The Sea and the Old Man
“Hello. You’ve come back,” said the sea to the old man in the worn woolen peacoat.
“I said I would, didn’t I?” the old man said, his voice gruff and weighted with decades of care.
“I…wondered.” The sea sent a small wave ashore that lapped a bare inch from the man’s black shoes. It lingered a moment, then receded. It was a gesture of conciliation and care.
“You needn’t have. I always come back.”
A seagull cried in the distance. It sounded like a sob.
“Oh, don’t you carry on, now,” the old man said and stepped closer to the line between water and beach. He bent down slowly, winced at an ache in his back, and picked a blue-white shell from the sand. He turned it over, peered at it, blew off a bit of sand, then slipped it in his pocket. “I’d never stay away. Not when you give such beautiful gifts.”
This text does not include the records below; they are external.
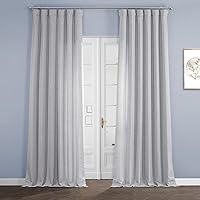 HPD HALF PRICE DRAPES Italian Linen Curtains for Bedroom & Living Room 120 Inches Long Room Darkening Curtains (1 Panel), 50W X 120L, Portrait Grey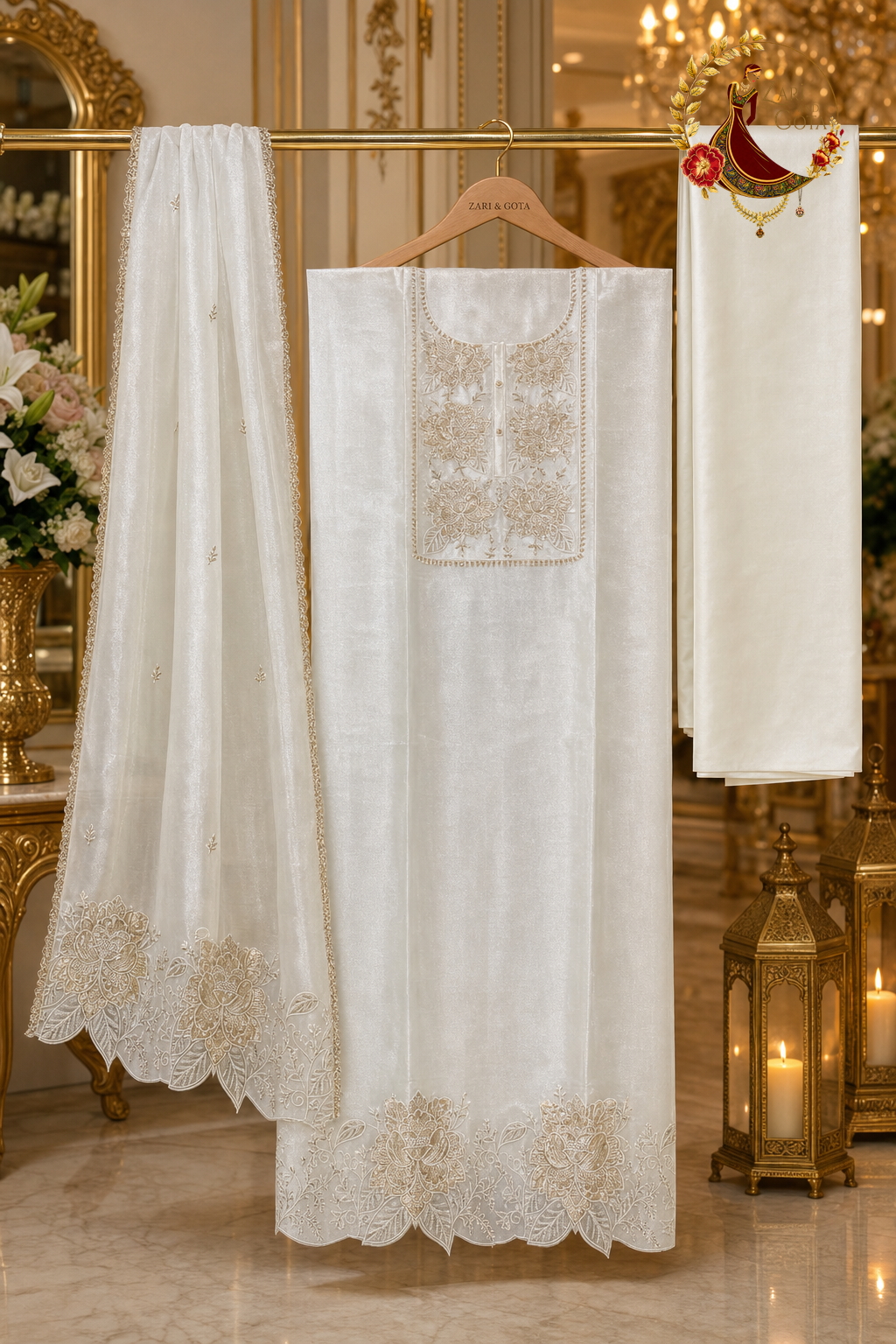 Unstitched cream silk rose embroidered suit set components displayed on a hanger: shirt fabric, cutwork dupatta and bottom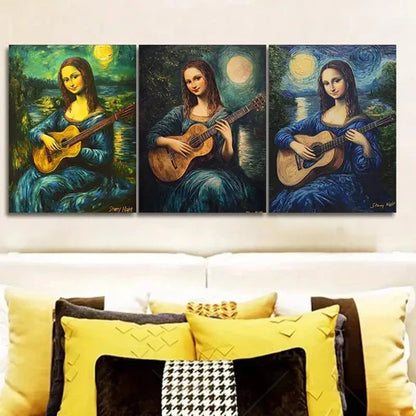 3pcs Mona Lisa Guitar Trio Wall Art Set Canvas Unframed - High Quality Print 100% Australian Made Wall Canvas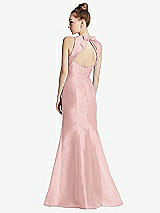 Front View Thumbnail - Rose Bateau Neck Open-Back Maxi Dress with Bow Detail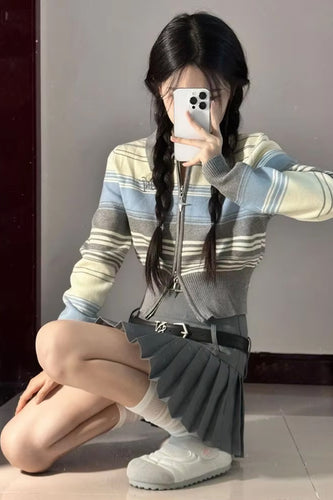 Long Sleeve Zipper Collar Striped Sweater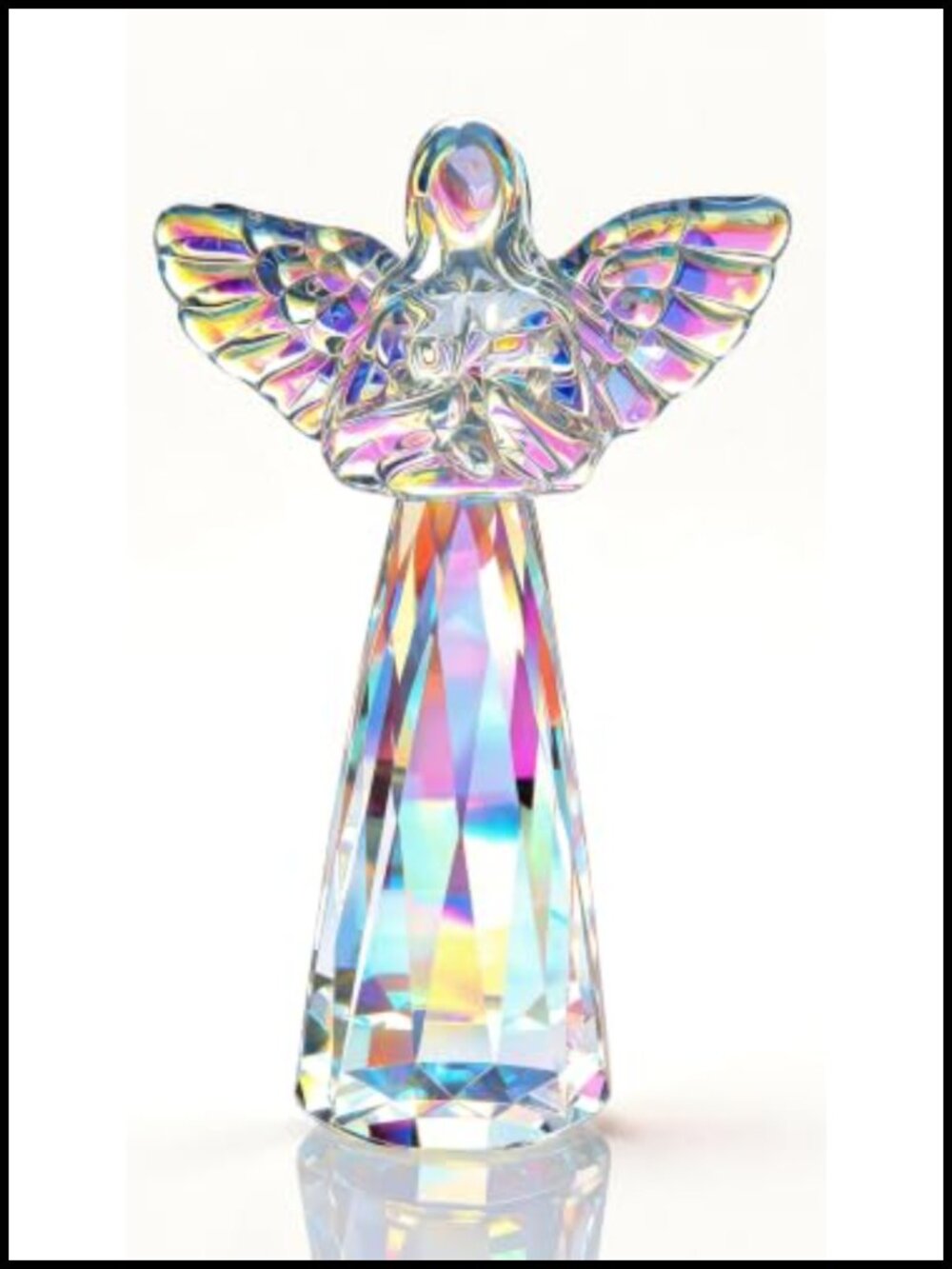 Iridescent K9 Crystal Guardian Angel Figurine with Cross, Christian Gift,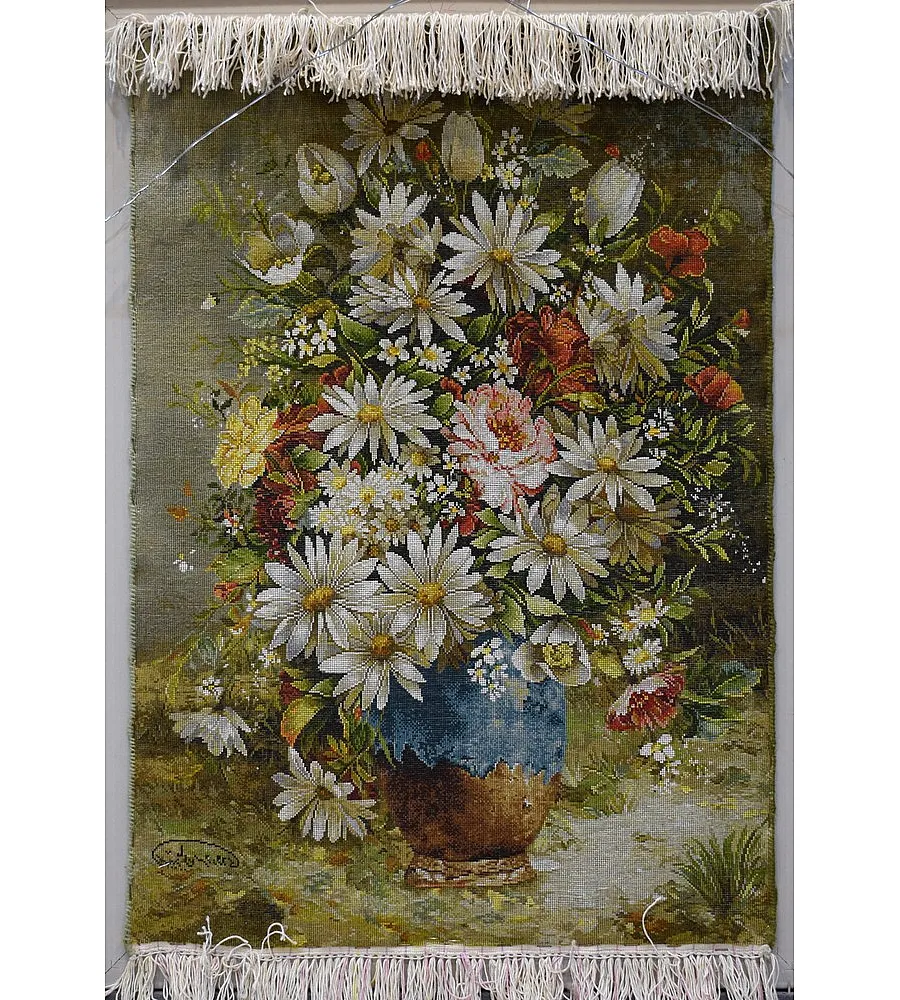 Tabriz handmade wall rug with Chamomile pot intricate design vibrant colors traditional Persian craftsmanship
“You’re welcome,” said the sea, its voice cheerful like a summer sunrise over clear water.
They stood like that, and old man and the vast ocean, for a while. The sun crept toward the horizon, then dipped below it. It cast long orange-red reflections toward shore like reaching arms.
The old man broke the silence. “I’m not leaving this time, you know.”
The sea sighed. More seagulls cried out and lifted skywards from farther down the beach. “Yes. I am very glad.”
“As am I”, he said, and a smile cracked his weathered face. “I’ve lived a good life here among the drylanders. I’ve learned much about them and their ways.”
“I’ve spread your words widely,” said the sea.” They know. All of them. All the cities of the deeps. They miss you. They thank you.” The sea was silent for a moment. “I miss you. I thank you.”
“Well then. It is time,” he said, and removed the coat and high-necked sweater. He was thin, his wrinkled skin a mottled grey-green. He reached to his neck and tugged away flaps of skin revealing sets of closed gills. “Mother Sea, tell them I am coming home. It has been too long. We will walk in sunlight again. The drylanders will not stop us”
The sea suddenly roared in glee and anticipation. A wave swept over the rocks, and broke with a resounding crash. When it receded, there was no trace of the old man at all.
When I sat down to write this story last night I thought, “I’d like to write something sweet and warm, like a Neal Gaiman short story. Instead, I wrote something sweet and warm that became something weird and slightly unsettling, like many of the things I write.
I don’t know why I’m like this, but I am. This is me. This is what I write. Maybe one day I’ll write a touching story about two old friends meeting after a long absence that doesn’t turn into “Innsmouth: The Later Years”, but not today.